Plutarch. Plutarch's Morals, Vol. III. Goodwin, William W., editor; Thomson, John, translator. Boston. Little, Brown, and Company, 1874.

It is therefore very needful to throw off those ill dispositions, as being very grievous and troublesome to their parents, and more destructive to children in respect of the ill example. Besides, it occasions many strange censures and much obloquy amongst men. For they will not be apt to imagine that so near and intimate relations as brothers, that have eaten of the same bread and all along participated of the same common maintenance, and who have conversed so familiarly together, should break out into contention, except they were conscious to themselves of a great deal of naughtiness. For it must be some great matter that violates the bonds of natural affection; whence it is that such breaches are so hardly healed up again.

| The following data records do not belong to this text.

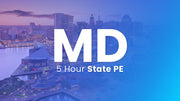 5 Hour MD SAFE: State Law PE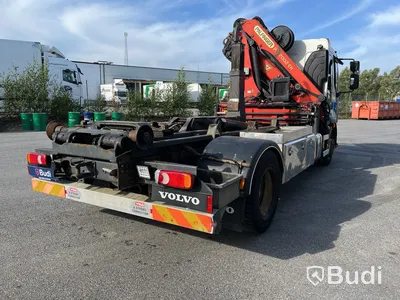 Kranväxlare Volvo FL 260 4x2 -2011 | Euro6 |  PK12002-EH-C -
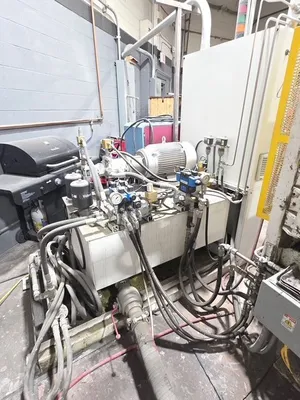 2015 ACCUDYNE UPS/SS Heated Platen Press and Laminating Press | Kempler Machinery (5)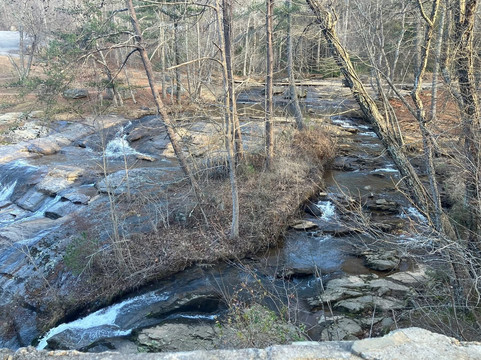 McGalliard Falls Park-Valdese必去景点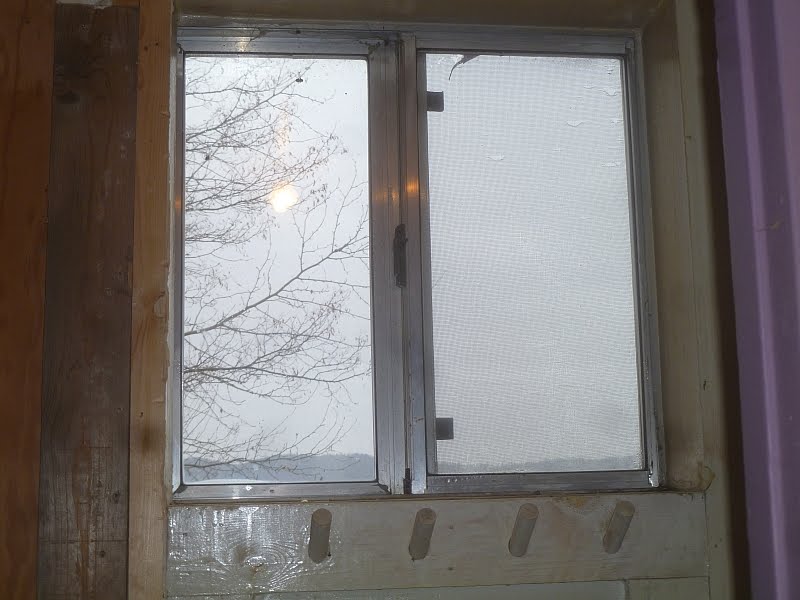 Rural Revolution Canning closet upgrade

For, as those things which are joined together by art, being parted, may by the same art be compacted again, but if there be a fracture in a natural body, there is much difficulty in setting and uniting the broken parts; so, if friendships that through a long tract of time have been firmly and closely

contracted come once to be violated, no endeavors will bring then together any more. And brothers, when they have once broke natural affection, are hardly made true friends again; or, if there be some kind of peace made betwixt then, it is like to prove but superficial only, and such as carries a filthy festering scar along with it. Now all enmity between man and man which is attended with these perturbations of quarrelsomeness, passion, envy, recording of an injury, must needs be troublesome and vexatious; but that which is harbored against a brother, with whom they communicate in sacrifices and other religious rites of their parents, with whom they have the same common charnel-house and the same or a near habitation, is much more to be lamented,—especially if we reflect upon the horrid madness of some brothers, in being so prejudiced against their own flesh and blood, that his face and person once so welcome and familiar, his voice all along from his childhood as well beloved as known, should on a sudden become so very detestable. How loudly does this reproach their ill-nature and savage dispositions, that, whilst they behold other brethren lovingly conversing in the same house and dieting together at the same table, managing the same estate and attended by the same servants, they alone divide friends, choose contrary acquaintance, resolving to abandon every thing that their brother may approve of? Now it is obvious to any to understand, that new friends and companions may be compassed and new kindred may come in when the old, like decayed weapons and worn-out utensils, are lost and gone. But there is no more regaining of a lost brother, than of a hand that is cut off or an eye that is beaten out. The Persian woman therefore spake truth, when she preferred the saving her brother’s life before her very children’s, alleging that she was in a possibility of having more children if she should be deprived of those she had, but, her parents
being dead, she could hope for no more brothers after him.[*](See Sophocles, Antig. 905-912.)